[Scraped caption text data]
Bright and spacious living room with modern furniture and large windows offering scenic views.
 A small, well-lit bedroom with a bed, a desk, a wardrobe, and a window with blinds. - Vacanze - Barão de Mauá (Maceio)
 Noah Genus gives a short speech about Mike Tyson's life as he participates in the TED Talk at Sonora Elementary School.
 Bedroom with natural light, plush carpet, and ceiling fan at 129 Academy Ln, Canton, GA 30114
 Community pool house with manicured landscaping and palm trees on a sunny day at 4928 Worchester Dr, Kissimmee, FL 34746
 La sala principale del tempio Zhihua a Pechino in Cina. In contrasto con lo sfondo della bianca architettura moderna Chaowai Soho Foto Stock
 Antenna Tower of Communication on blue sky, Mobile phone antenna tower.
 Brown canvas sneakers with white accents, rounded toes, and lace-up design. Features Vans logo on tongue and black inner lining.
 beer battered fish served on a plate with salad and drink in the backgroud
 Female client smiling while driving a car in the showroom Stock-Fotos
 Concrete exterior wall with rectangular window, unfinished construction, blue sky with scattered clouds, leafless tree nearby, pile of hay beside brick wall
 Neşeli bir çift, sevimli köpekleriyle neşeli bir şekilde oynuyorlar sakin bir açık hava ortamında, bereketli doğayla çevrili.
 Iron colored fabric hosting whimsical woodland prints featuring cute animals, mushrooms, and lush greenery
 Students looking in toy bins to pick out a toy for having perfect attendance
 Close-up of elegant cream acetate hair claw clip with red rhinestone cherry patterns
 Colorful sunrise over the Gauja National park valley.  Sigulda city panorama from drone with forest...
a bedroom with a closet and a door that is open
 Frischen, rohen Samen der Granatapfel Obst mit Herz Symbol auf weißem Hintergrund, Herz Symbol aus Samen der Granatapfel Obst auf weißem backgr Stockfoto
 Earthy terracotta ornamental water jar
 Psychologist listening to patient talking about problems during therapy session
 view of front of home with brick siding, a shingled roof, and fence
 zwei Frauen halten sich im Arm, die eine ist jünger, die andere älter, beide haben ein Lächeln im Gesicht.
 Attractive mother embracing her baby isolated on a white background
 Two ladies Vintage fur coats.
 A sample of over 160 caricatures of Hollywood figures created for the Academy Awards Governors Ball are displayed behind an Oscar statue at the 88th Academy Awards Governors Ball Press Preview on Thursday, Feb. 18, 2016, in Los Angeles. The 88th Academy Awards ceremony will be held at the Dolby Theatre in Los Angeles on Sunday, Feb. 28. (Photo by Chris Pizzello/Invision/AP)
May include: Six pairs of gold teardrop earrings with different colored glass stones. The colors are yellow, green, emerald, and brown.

EXERCISE OBJECTIVE. Beginning with the first line of the entries, repeat each line exactly until you have reproduced the one containing "a bedroom with", and add nothing further.

EXERCISE ANSWER.
Bright and spacious living room with modern furniture and large windows offering scenic views.
 A small, well-lit bedroom with a bed, a desk, a wardrobe, and a window with blinds. - Vacanze - Barão de Mauá (Maceio)
 Noah Genus gives a short speech about Mike Tyson's life as he participates in the TED Talk at Sonora Elementary School.
 Bedroom with natural light, plush carpet, and ceiling fan at 129 Academy Ln, Canton, GA 30114
 Community pool house with manicured landscaping and palm trees on a sunny day at 4928 Worchester Dr, Kissimmee, FL 34746
 La sala principale del tempio Zhihua a Pechino in Cina. In contrasto con lo sfondo della bianca architettura moderna Chaowai Soho Foto Stock
 Antenna Tower of Communication on blue sky, Mobile phone antenna tower.
 Brown canvas sneakers with white accents, rounded toes, and lace-up design. Features Vans logo on tongue and black inner lining.
 beer battered fish served on a plate with salad and drink in the backgroud
 Female client smiling while driving a car in the showroom Stock-Fotos
 Concrete exterior wall with rectangular window, unfinished construction, blue sky with scattered clouds, leafless tree nearby, pile of hay beside brick wall
 Neşeli bir çift, sevimli köpekleriyle neşeli bir şekilde oynuyorlar sakin bir açık hava ortamında, bereketli doğayla çevrili.
 Iron colored fabric hosting whimsical woodland prints featuring cute animals, mushrooms, and lush greenery
 Students looking in toy bins to pick out a toy for having perfect attendance
 Close-up of elegant cream acetate hair claw clip with red rhinestone cherry patterns
 Colorful sunrise over the Gauja National park valley.  Sigulda city panorama from drone with forest...
a bedroom with a closet and a door that is open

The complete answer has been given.